The first category is that of a disregard for rules and regulations already in place. The Asch Building, in which the Triangle Waist Company was housed, was what the commission deems a “fireproof” building, but a lit cigarette, overcrowded workspaces, and unkempt flammable waste helped the fire spread quickly. A lack of emergency exits and automatic sprinklers, and employee ignorance of fire-escape procedures, contributed to the massive casualty rate. Each of these practices and issues were not new concepts but had apparently been disregarded at Triangle.
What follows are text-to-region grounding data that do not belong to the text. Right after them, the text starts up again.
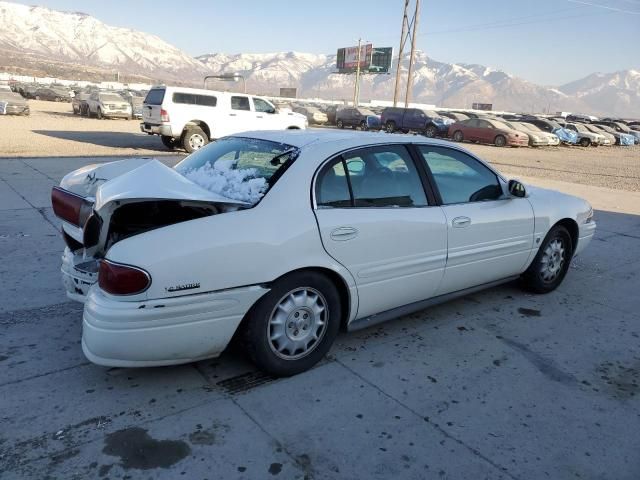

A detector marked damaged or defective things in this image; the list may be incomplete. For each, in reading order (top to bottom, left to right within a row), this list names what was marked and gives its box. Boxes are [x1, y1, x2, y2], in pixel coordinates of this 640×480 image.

damaged rear end [51, 159, 248, 302]
shattered rear window [172, 139, 298, 206] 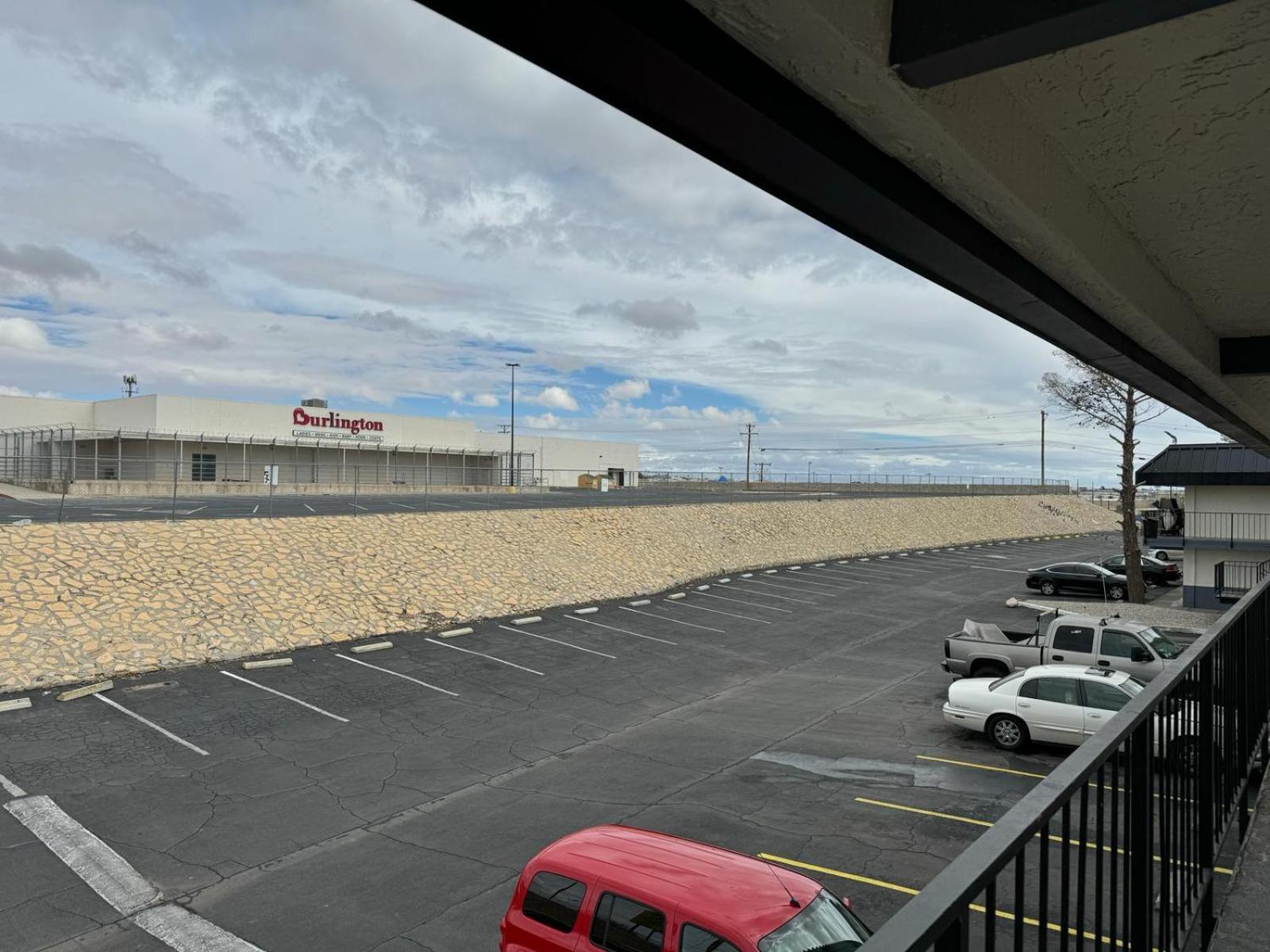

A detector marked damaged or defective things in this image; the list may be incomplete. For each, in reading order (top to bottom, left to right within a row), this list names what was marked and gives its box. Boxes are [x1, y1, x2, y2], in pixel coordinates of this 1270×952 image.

cracked asphalt [2, 533, 1178, 949] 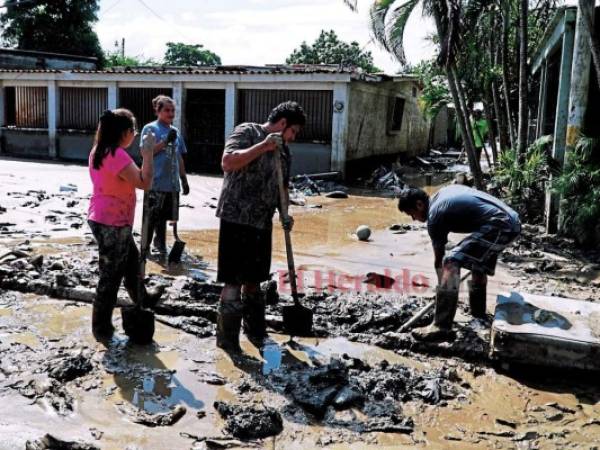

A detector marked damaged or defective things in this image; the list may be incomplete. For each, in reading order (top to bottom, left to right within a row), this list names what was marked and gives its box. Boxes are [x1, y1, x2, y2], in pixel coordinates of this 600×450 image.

damaged building [0, 65, 432, 178] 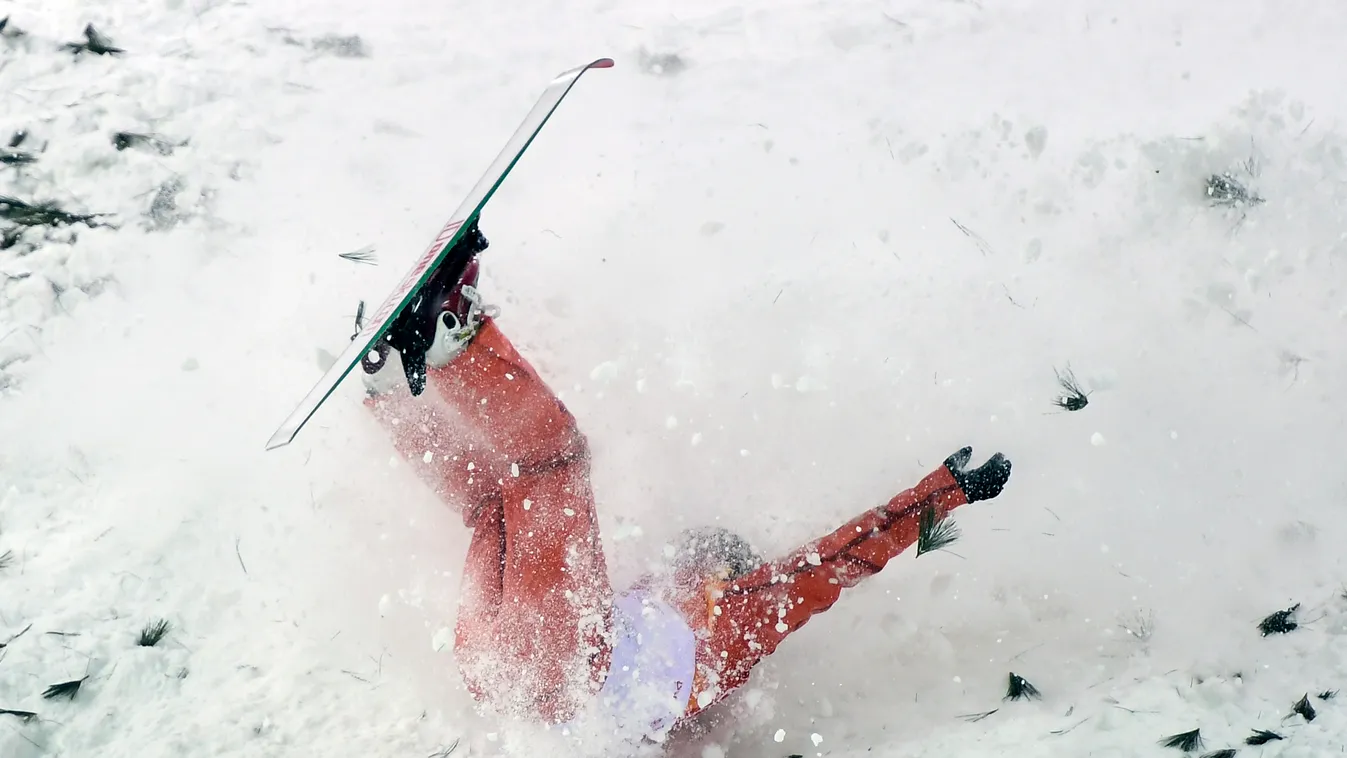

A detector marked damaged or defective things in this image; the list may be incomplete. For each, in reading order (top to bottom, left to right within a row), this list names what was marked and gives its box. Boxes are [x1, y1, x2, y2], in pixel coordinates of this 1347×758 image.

crashed skier [356, 224, 1008, 744] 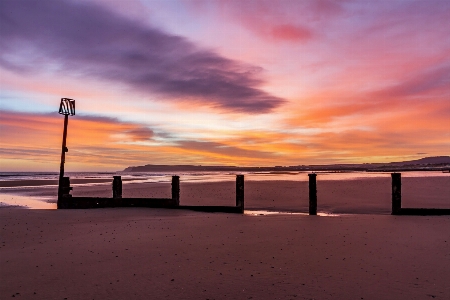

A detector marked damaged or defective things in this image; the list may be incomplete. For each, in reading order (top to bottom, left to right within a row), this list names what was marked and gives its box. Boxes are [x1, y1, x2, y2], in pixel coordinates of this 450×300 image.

rusty metal marker post [57, 98, 75, 200] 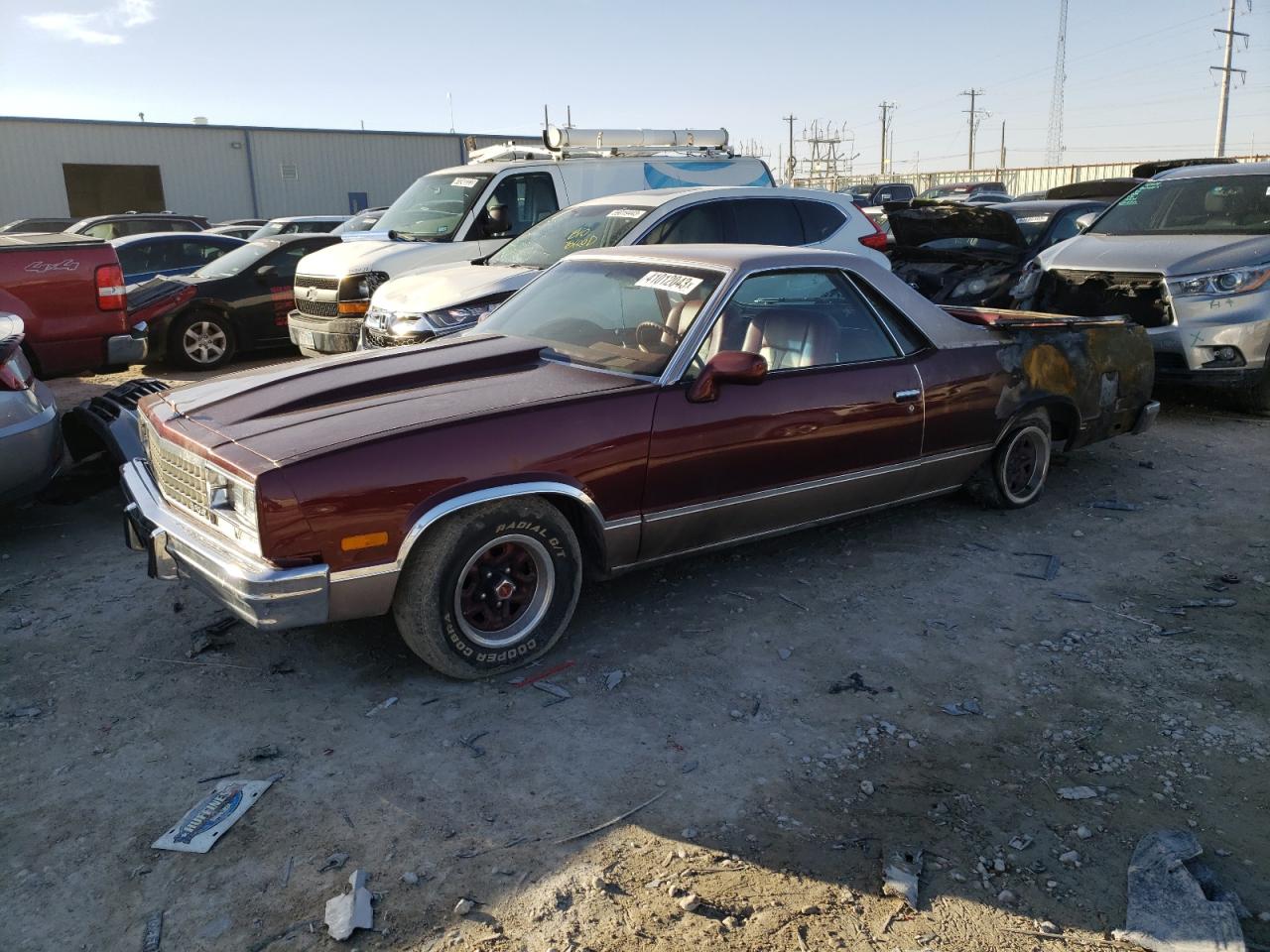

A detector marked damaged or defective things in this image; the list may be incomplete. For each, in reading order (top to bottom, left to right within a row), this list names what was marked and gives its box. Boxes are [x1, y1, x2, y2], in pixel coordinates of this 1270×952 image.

crumpled car hood [370, 262, 541, 314]
wrecked black car [889, 200, 1107, 305]
crumpled car hood [1036, 233, 1270, 278]
burnt rear fender [62, 378, 170, 464]
crumpled car hood [150, 334, 645, 469] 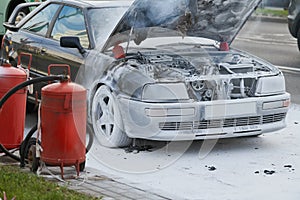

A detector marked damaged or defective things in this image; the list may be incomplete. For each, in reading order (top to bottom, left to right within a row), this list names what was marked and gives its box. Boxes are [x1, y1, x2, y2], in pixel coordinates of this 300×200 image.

burnt car [1, 0, 290, 147]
The second category is the need for changes in the workplace. The Triangle plant’s employees, like countless other facilities’ workers, did not know what to do in the event of a fire because fire drills were not practiced consistently. Additionally, too many facilities in New York state had inadequate lighting and ventilation, insufficient waste management practices, and other issues that negatively affected worker health and safety. The commission’s recommendations were extensive, moving far beyond fire prevention issues to include adequate dressing rooms, water supplies, toilets, and other necessary workplace resources. Attention to these matters would greatly improve workplace environments across the state, the commission’s members concluded.

It was critical, the commission argued, that the state enact new laws that would impose new rules and protections for workers. The assembly did take this recommendation seriously, passing more than a dozen workplace safety laws in the two years that followed the commission’s conclusion. The federal government, taking this commission’s findings to heart, later followed suit when Frances Perkins, who had assisted with its investigation, became labor secretary in the administration of President Franklin D. Roosevelt.

Bibliography and Additional Reading
  • Gentzinger, Donna. The Triangle Shirtwaist Factory Fire. Greensboro: Reynolds, 2008. Print.
  • “The New York Factory Investigating Commission.” United States Department of Labor, 2014. Web. 28 Feb. 2014.
  • New York (State) Factory Investigating Commission. Preliminary Report of the Factory Investigating Commission. 3 vols. Albany: Argus, 1912. Print.
  • Stein, Leon. The Triangle Fire. Centennial ed. Ithaca: Cornell UP, 2011. Print.
  • Von Drehle, David. Triangle: The Fire That Changed America. New York: Grove, 2004. Print.